=== ENTRIES SUPPLIED ===

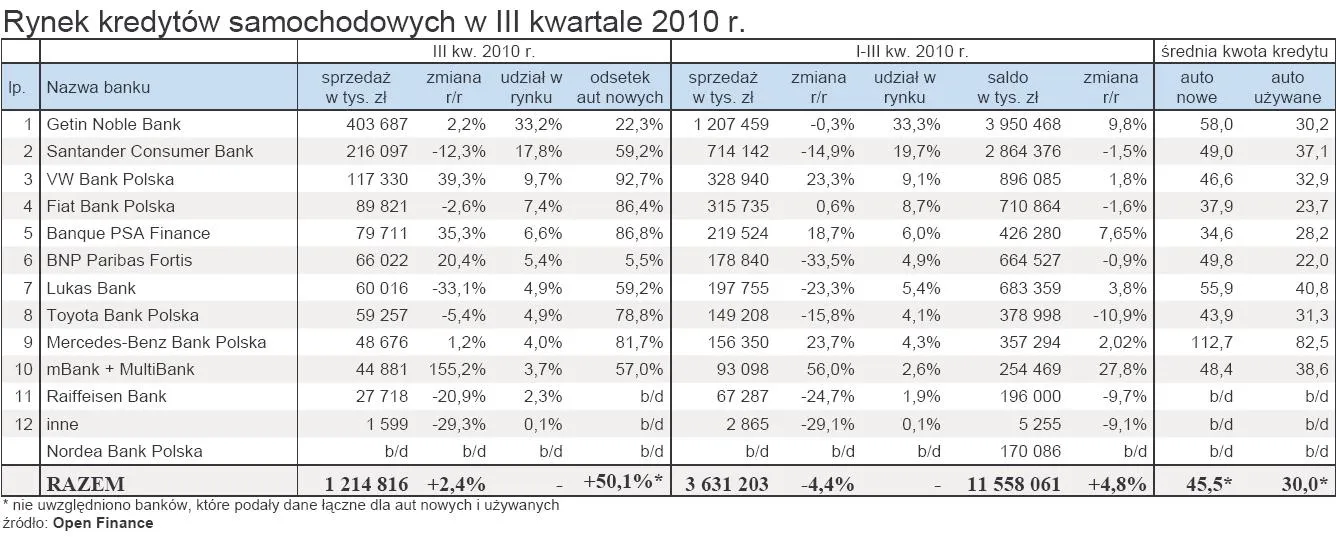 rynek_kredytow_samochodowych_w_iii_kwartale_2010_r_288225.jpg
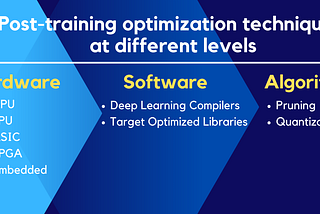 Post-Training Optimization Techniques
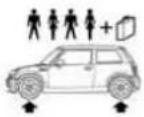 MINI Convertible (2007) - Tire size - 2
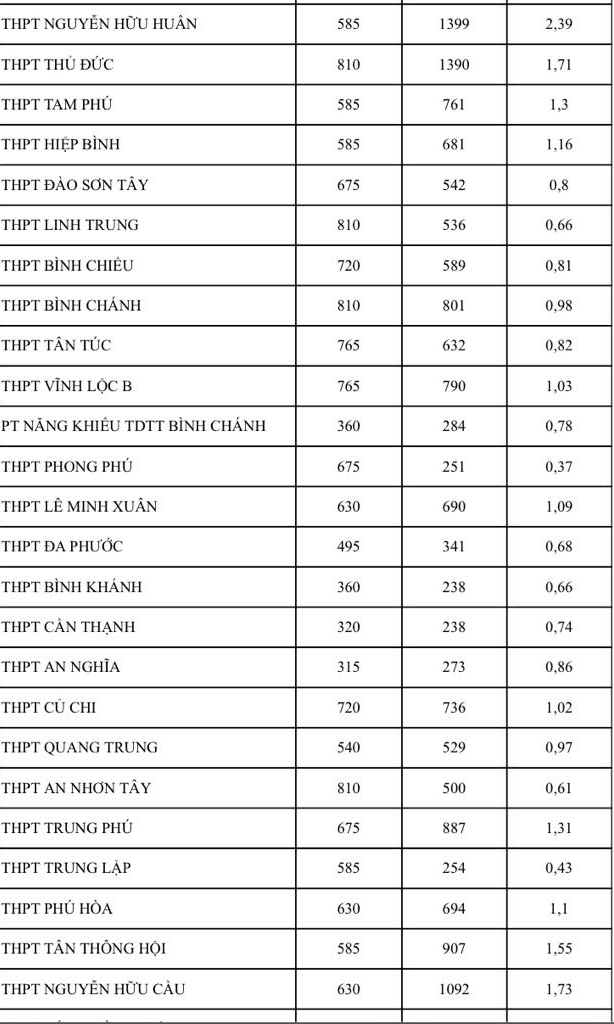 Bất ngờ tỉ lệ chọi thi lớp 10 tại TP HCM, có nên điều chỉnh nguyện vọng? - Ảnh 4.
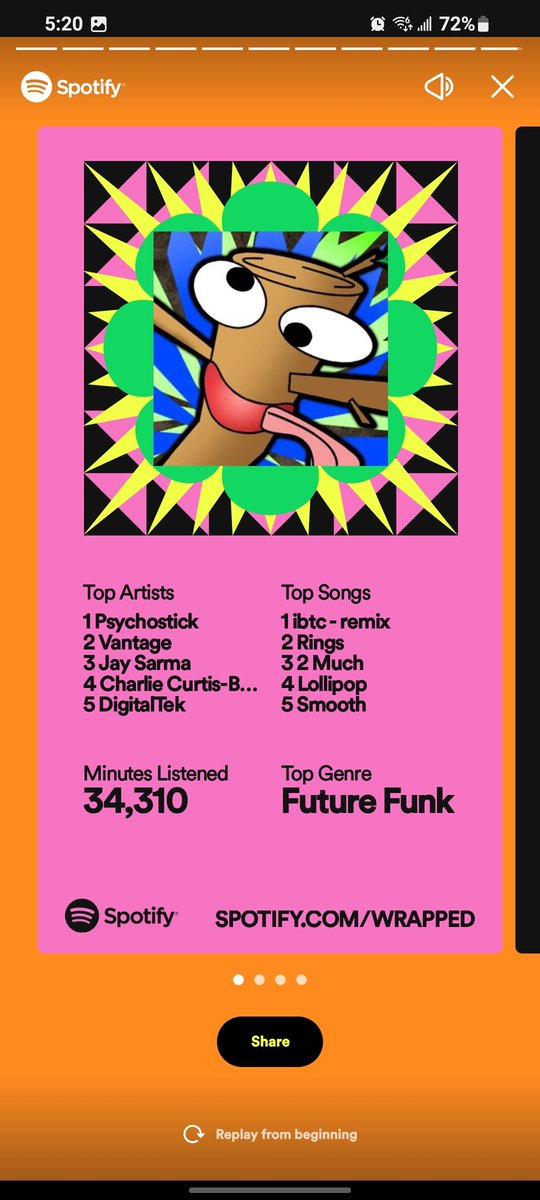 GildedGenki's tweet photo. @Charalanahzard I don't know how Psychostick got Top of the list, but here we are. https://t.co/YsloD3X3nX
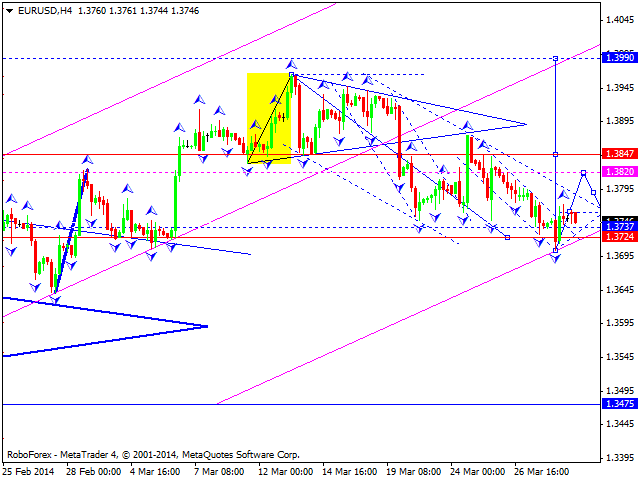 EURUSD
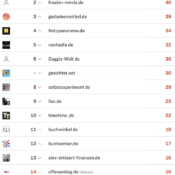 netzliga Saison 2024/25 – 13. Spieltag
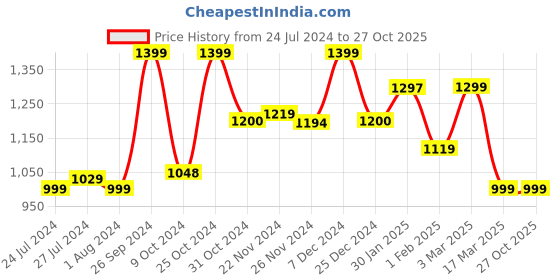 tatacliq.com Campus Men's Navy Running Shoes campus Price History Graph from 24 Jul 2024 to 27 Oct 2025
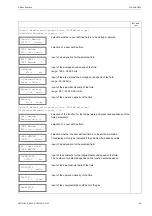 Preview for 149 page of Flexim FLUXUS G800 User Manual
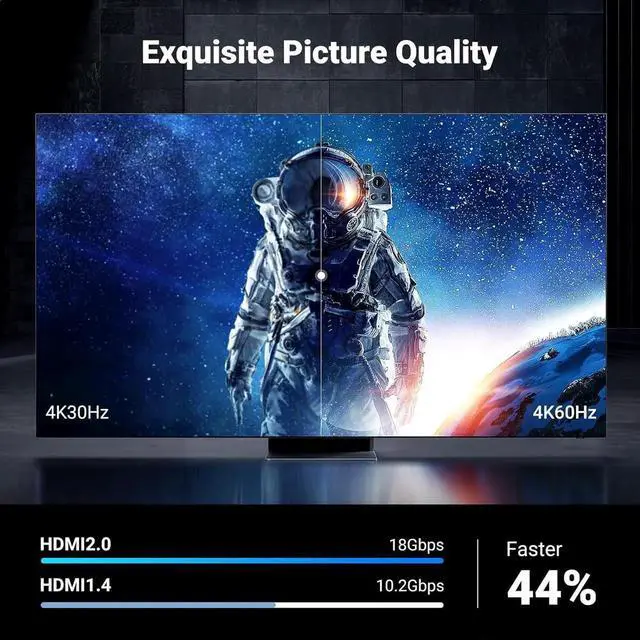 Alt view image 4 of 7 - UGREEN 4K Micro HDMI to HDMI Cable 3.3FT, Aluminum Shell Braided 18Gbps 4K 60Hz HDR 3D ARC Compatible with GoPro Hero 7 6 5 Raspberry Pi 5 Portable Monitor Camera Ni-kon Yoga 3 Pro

===

▸ **GOAL OF THE EXERCISE**
Only an exact copy belongs in the answer: the lines from the one containing "MINI Convertible (2007) - Tire size - 2" through the end of the records, both ends included, minus the pictures.

▸ **TASK RESULT**
 MINI Convertible (2007) - Tire size - 2
 Bất ngờ tỉ lệ chọi thi lớp 10 tại TP HCM, có nên điều chỉnh nguyện vọng? - Ảnh 4.
 GildedGenki's tweet photo. @Charalanahzard I don't know how Psychostick got Top of the list, but here we are. https://t.co/YsloD3X3nX
 EURUSD
 netzliga Saison 2024/25 – 13. Spieltag
 tatacliq.com Campus Men's Navy Running Shoes campus Price History Graph from 24 Jul 2024 to 27 Oct 2025
 Preview for 149 page of Flexim FLUXUS G800 User Manual
 Alt view image 4 of 7 - UGREEN 4K Micro HDMI to HDMI Cable 3.3FT, Aluminum Shell Braided 18Gbps 4K 60Hz HDR 3D ARC Compatible with GoPro Hero 7 6 5 Raspberry Pi 5 Portable Monitor Camera Ni-kon Yoga 3 Pro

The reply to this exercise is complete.